About 45 minutes up the road from us is the Hotel Punta Islita. Although it is a large luxury resort, which is usually not my style, there is much about it that I love. It seems that normally when a big resort comes to town, the area surrounding it becomes so gentrified that it loses its cultural identity. The founders of Hotel Punta Islita took that into consideration when setting up their resort. They brought in artists from San Jose to teach art to the locals, who then decorated their small town center, with magical results. Upscale for sure, the compound was created with a nod to local flavor, and I find its rustic elegance very welcoming.

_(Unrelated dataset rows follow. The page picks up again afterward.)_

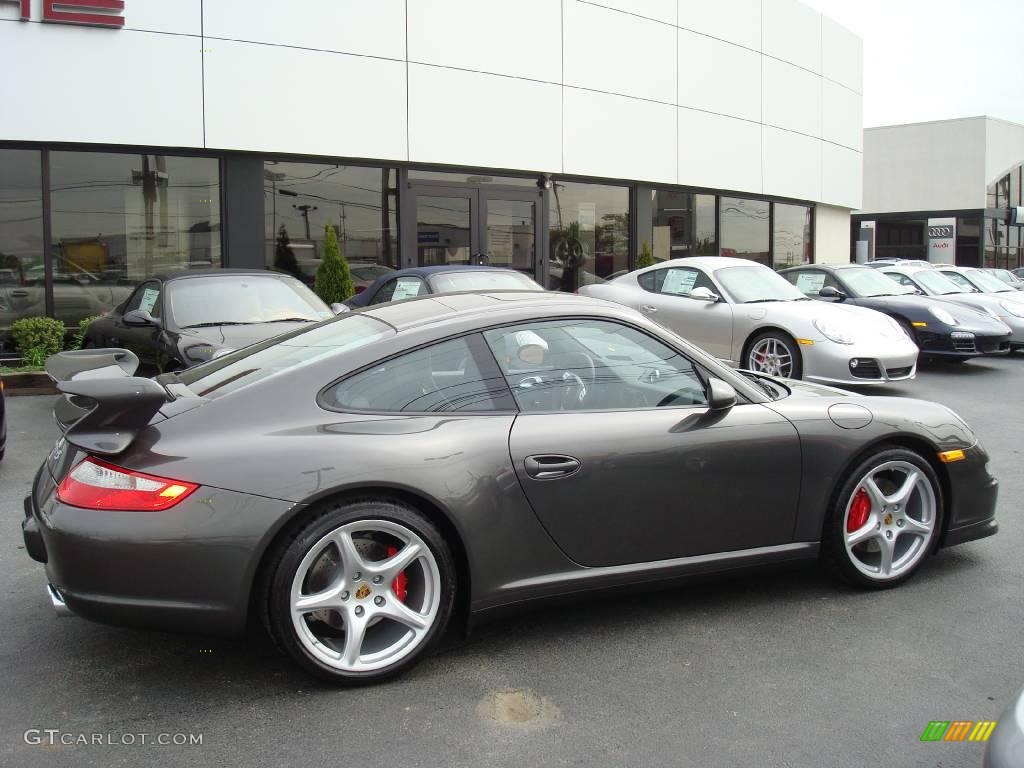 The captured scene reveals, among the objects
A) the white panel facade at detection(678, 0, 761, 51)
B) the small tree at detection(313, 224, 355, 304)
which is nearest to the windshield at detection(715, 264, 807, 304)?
the small tree at detection(313, 224, 355, 304)

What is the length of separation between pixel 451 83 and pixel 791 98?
9663 mm

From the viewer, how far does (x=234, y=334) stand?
23.7ft

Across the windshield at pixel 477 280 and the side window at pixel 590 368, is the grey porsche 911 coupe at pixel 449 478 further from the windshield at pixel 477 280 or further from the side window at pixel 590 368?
the windshield at pixel 477 280

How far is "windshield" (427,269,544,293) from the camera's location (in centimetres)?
948

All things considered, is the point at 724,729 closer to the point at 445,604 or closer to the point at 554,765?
the point at 554,765

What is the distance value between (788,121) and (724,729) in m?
19.9

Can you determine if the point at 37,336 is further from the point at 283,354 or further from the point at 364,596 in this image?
the point at 364,596

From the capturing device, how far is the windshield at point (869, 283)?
1247 centimetres

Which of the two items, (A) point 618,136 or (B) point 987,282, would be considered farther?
(A) point 618,136

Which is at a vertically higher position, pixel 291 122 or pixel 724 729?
pixel 291 122

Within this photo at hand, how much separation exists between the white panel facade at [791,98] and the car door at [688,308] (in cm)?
1063

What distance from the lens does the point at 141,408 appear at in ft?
9.94

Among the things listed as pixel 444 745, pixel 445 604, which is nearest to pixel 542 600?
pixel 445 604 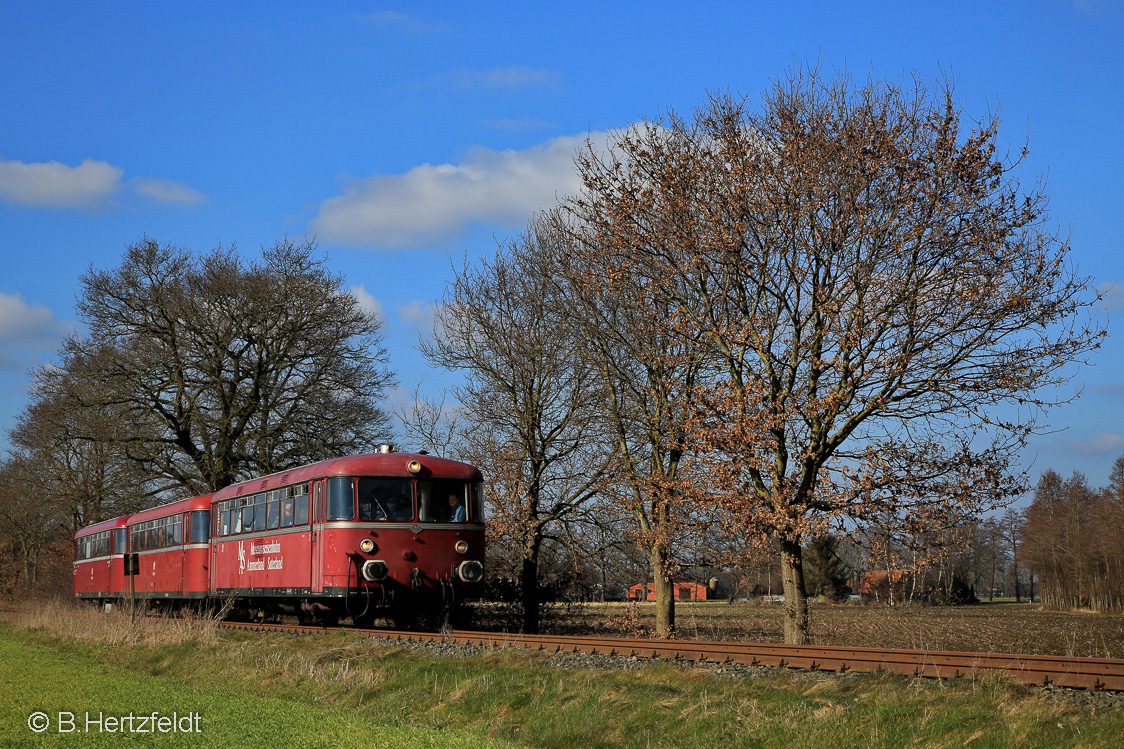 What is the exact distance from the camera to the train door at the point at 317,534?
1944cm

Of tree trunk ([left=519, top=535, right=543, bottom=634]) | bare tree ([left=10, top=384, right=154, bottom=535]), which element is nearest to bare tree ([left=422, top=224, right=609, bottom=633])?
tree trunk ([left=519, top=535, right=543, bottom=634])

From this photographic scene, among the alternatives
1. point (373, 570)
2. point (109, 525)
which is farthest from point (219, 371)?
point (373, 570)

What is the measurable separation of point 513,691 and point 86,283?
30.1 m

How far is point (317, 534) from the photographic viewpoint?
19.6 metres

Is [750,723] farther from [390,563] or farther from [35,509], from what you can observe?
[35,509]

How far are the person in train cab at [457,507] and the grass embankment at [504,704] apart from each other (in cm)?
405

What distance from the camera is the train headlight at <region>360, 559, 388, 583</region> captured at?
19.0 m

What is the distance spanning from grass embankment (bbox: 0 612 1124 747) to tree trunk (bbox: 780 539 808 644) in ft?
19.5

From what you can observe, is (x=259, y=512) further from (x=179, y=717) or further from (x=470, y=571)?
(x=179, y=717)

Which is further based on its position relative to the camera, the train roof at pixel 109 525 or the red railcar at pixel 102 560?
the train roof at pixel 109 525

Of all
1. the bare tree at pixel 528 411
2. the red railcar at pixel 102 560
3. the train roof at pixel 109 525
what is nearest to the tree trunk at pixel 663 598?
the bare tree at pixel 528 411

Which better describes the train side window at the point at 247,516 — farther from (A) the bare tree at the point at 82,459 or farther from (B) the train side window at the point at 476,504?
(A) the bare tree at the point at 82,459

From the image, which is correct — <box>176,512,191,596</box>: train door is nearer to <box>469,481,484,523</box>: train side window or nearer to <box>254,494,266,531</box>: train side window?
<box>254,494,266,531</box>: train side window

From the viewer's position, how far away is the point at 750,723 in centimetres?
870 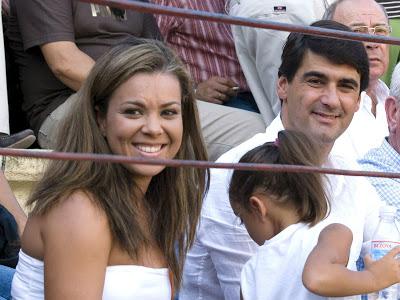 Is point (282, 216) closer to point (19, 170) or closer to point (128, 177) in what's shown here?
point (128, 177)

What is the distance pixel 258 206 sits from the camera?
9.84 ft

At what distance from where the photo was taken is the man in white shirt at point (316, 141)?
329cm

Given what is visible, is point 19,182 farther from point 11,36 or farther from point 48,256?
point 48,256

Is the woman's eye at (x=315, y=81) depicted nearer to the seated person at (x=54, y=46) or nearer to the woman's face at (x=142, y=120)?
the seated person at (x=54, y=46)

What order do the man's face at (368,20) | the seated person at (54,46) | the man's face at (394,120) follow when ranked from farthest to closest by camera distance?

It is also quite handy for us that to attract tourists, Hotel Punta Islita had to build an airstrip nearby because luxury resort clientele prefer not to have their bones shaken up into a chiropractic nightmare on our horrendous roads. Once such an airstrip is in operation, by law anyone can use it. It came in handy for us last Saturday.

The book for the corporation that owns our land lives at our lawyer's office in San Jose. When it requires our signatures, our lawyer puts in on a Nature Air plane and it flies to Punta Islita, where we are waiting at the airport to sign it and stick it back on the plane to return it to San Jose. Accustomed to having take-out food from Hyannis flown over to Nantucket, this practice feels normal to us, but for those unfamiliar with the ways of living in a remote location, I guess it might seem a bit unusual.

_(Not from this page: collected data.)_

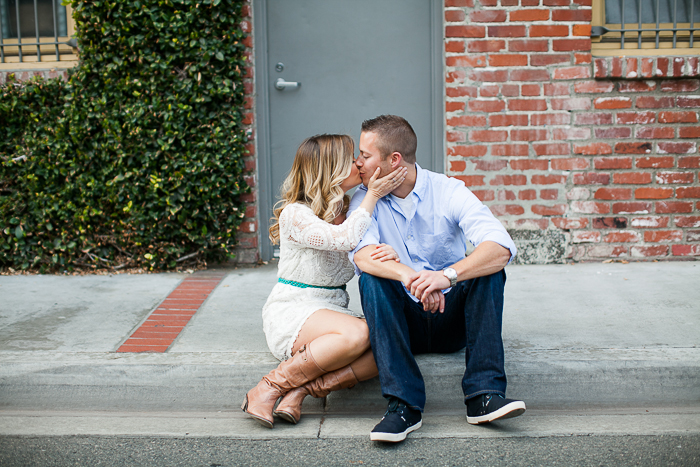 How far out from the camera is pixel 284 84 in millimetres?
4668

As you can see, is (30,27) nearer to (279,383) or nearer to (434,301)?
(279,383)

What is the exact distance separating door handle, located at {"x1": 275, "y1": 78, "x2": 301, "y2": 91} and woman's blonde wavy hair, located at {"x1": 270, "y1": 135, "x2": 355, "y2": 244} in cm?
208

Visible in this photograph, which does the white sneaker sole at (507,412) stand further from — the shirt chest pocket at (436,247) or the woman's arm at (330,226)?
the woman's arm at (330,226)

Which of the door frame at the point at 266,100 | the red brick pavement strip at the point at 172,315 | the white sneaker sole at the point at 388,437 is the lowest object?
the white sneaker sole at the point at 388,437

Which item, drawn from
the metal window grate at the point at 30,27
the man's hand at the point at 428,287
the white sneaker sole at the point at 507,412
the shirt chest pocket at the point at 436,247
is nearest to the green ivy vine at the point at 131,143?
the metal window grate at the point at 30,27

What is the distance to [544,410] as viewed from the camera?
8.98 feet

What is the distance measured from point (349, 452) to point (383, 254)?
2.72 ft

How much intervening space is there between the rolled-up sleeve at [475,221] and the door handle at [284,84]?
2268mm

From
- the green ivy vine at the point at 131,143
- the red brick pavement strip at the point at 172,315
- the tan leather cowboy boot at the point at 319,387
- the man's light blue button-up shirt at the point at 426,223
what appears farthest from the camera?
the green ivy vine at the point at 131,143

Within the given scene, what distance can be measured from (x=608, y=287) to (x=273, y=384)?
257 centimetres

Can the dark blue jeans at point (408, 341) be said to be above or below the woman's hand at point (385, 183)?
below

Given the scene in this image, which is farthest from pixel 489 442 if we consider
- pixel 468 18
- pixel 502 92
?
pixel 468 18

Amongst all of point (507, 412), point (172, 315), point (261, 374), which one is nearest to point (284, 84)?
point (172, 315)

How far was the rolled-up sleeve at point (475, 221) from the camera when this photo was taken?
101 inches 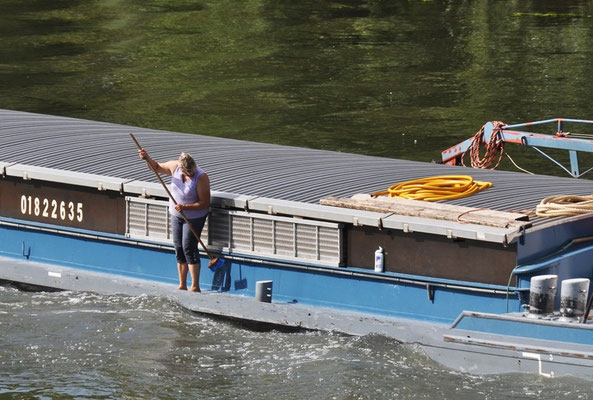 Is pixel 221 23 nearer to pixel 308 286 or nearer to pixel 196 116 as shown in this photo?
pixel 196 116

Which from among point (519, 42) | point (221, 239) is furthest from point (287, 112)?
point (221, 239)

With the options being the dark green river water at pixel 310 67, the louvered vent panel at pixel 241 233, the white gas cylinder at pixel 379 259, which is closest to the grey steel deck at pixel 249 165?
the louvered vent panel at pixel 241 233

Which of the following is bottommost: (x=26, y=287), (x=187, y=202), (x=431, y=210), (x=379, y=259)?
(x=26, y=287)

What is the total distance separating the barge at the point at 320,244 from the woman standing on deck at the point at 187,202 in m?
0.31

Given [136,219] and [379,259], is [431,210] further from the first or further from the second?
[136,219]

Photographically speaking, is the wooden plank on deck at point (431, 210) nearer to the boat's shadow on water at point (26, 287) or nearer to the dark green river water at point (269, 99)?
the dark green river water at point (269, 99)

We were ecstatic on our Saturday morning drive to the airport because they've just done a fine job of grading the roads as rainy season ends and tourist season begins. Our current president apparently thinks that travelers on the "coastal highway" (no kidding - that's what our rough, bumpy dirt track is called) deserve to travel at speeds over 15 mph. The previous administration was prone to "losing" money earmarked for road improvements. Sailing along at 30 mph with our little girls on a beautiful Saturday morning, we were grateful that our errand involved sharing the road with cows instead of hundreds of other cars.

Quite accustomed to delays, we weren't at all surprised to find that the flight was running late. At least the one building at the airport is a pleasant place to wait, although the bathroom was locked because old Santiago, who usually tends to such matters, was not around.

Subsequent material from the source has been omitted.